Parmi les réponses évoquées figure la construction d’une seconde ligne de transport d’électricité, notamment pour autonomiser Akanda et renforcer la stabilité du réseau. Le principe est connu, diversifier les capacités d’acheminement pour limiter les points de rupture. La question, elle, revient toujours au même endroit, le calendrier. Sans échéances publiques, sans jalons techniques, sans indicateurs de suivi accessibles, l’infrastructure reste une promesse, et la promesse, une posture.

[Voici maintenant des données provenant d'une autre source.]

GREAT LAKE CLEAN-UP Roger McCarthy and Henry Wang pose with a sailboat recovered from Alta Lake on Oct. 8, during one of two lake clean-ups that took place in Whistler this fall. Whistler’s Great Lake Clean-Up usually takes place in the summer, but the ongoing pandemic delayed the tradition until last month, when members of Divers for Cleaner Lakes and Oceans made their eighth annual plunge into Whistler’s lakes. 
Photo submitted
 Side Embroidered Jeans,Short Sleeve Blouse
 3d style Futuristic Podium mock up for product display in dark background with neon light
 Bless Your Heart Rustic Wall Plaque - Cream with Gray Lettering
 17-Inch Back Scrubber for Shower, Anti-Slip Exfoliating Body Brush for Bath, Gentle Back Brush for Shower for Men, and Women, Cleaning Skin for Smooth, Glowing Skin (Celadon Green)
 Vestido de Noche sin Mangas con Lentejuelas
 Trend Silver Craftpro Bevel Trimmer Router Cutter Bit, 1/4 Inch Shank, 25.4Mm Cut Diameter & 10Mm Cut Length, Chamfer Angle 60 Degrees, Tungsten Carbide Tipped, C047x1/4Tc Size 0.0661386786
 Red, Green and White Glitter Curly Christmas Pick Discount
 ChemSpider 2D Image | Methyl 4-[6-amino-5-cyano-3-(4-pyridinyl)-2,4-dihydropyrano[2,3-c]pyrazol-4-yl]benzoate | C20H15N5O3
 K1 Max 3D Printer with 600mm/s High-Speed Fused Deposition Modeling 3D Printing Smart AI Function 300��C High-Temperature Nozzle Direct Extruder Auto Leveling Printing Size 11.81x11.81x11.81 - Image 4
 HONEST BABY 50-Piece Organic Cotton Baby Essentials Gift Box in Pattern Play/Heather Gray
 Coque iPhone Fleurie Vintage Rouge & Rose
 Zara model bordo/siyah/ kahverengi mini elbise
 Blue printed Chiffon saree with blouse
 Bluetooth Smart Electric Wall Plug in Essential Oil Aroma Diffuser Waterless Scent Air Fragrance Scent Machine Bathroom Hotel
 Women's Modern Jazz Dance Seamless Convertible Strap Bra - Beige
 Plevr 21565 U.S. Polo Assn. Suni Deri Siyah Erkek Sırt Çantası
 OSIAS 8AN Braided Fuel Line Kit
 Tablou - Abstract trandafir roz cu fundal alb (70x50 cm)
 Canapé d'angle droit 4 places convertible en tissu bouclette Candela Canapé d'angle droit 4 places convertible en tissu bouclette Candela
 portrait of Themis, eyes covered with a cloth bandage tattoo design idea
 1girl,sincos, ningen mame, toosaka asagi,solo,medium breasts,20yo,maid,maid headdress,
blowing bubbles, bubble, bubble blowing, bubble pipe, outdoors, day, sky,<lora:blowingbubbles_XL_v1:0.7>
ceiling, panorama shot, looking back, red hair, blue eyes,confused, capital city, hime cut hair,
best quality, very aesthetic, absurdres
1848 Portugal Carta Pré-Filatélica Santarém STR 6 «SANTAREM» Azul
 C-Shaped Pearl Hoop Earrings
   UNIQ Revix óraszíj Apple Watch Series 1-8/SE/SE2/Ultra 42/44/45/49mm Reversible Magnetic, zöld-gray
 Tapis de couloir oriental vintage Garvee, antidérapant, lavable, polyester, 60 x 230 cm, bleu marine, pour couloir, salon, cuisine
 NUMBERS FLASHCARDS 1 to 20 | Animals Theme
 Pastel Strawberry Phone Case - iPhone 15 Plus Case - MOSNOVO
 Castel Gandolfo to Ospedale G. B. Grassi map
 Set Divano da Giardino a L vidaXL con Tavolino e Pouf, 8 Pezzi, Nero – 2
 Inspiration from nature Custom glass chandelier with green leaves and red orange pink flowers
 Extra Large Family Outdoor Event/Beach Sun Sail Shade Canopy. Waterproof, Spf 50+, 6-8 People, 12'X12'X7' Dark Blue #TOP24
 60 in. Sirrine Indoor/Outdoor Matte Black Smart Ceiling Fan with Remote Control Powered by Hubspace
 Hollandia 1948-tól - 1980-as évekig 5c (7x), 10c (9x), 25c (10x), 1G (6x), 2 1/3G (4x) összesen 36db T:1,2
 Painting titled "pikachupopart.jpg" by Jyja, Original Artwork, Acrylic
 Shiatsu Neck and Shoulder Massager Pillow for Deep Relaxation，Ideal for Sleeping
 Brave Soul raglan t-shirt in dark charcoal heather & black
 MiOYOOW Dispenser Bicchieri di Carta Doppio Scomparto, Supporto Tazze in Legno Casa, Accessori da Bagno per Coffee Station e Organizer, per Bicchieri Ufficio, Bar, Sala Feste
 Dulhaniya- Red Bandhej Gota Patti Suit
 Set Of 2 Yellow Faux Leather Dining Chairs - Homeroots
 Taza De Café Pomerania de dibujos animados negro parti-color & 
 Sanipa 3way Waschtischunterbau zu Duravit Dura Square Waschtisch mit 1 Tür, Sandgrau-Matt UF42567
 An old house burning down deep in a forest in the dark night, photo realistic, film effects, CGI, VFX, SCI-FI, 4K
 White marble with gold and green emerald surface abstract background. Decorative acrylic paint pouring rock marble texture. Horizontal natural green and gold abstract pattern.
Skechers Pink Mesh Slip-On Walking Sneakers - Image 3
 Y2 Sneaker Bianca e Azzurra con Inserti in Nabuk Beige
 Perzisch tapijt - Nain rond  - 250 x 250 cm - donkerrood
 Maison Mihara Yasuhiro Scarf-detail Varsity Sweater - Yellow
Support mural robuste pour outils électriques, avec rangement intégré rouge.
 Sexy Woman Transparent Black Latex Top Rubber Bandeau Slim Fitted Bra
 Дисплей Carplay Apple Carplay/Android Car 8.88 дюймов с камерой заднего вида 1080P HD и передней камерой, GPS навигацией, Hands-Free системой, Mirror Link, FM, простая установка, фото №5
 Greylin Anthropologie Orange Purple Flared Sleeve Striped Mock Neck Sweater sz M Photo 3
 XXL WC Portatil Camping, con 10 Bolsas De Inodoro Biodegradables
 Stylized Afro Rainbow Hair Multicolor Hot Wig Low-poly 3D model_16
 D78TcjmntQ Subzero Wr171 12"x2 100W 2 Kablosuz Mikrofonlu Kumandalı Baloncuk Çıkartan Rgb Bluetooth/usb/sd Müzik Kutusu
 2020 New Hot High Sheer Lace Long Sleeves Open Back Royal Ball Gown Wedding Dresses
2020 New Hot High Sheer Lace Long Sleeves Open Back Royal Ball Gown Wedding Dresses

Ce décalage entre injonction politique et réalité opérationnelle s’observe d’autant plus que l’exécutif a déjà donné des orientations fortes. Le chef de l’État, Brice Clotaire Oligui Nguema, avait demandé que le problème soit réglé, et un audit de la SEEG a été annoncé à la suite d’affaires de fraude et de pertes liées notamment aux compteurs et aux unités de consommation. Or, à ce stade, l’opinion publique dispose de peu d’éléments officiels sur les conclusions, les responsabilités, les recouvrements engagés ou les sanctions appliquées. Dans un secteur où la trésorerie conditionne la maintenance, le flou entretient les soupçons, comment moderniser si les pertes restent mal quantifiées ou insuffisamment corrigées ?


En filigrane, une donnée structurelle pèse sur toute la séquence, la SEEG jouit d’un monopole de fait. Dans un tel schéma, les leviers de sanction et de concurrence sont limités, et l’outil politique le plus visible demeure souvent le remaniement des équipes dirigeantes un geste spectaculaire, mais rarement suffisant pour transformer un réseau vieillissant et une gouvernance contestée. C’est là que le ton ministériel devient un test, s’agit-il d’un signal de contrôle renforcé, ou d’une communication destinée à montrer que le dossier est suivi, sans changement de méthode ni contrainte nouvelle ?


Au final, au-delà des réunions d’urgence, la crédibilité se jouera sur trois éléments concrets un plan public daté, des engagements vérifiables, et des résultats mesurés quartier par quartier. Le reste, rapports, explications, promesses, ressemble à ce que Grand Libreville entend déjà, à chaque coupure.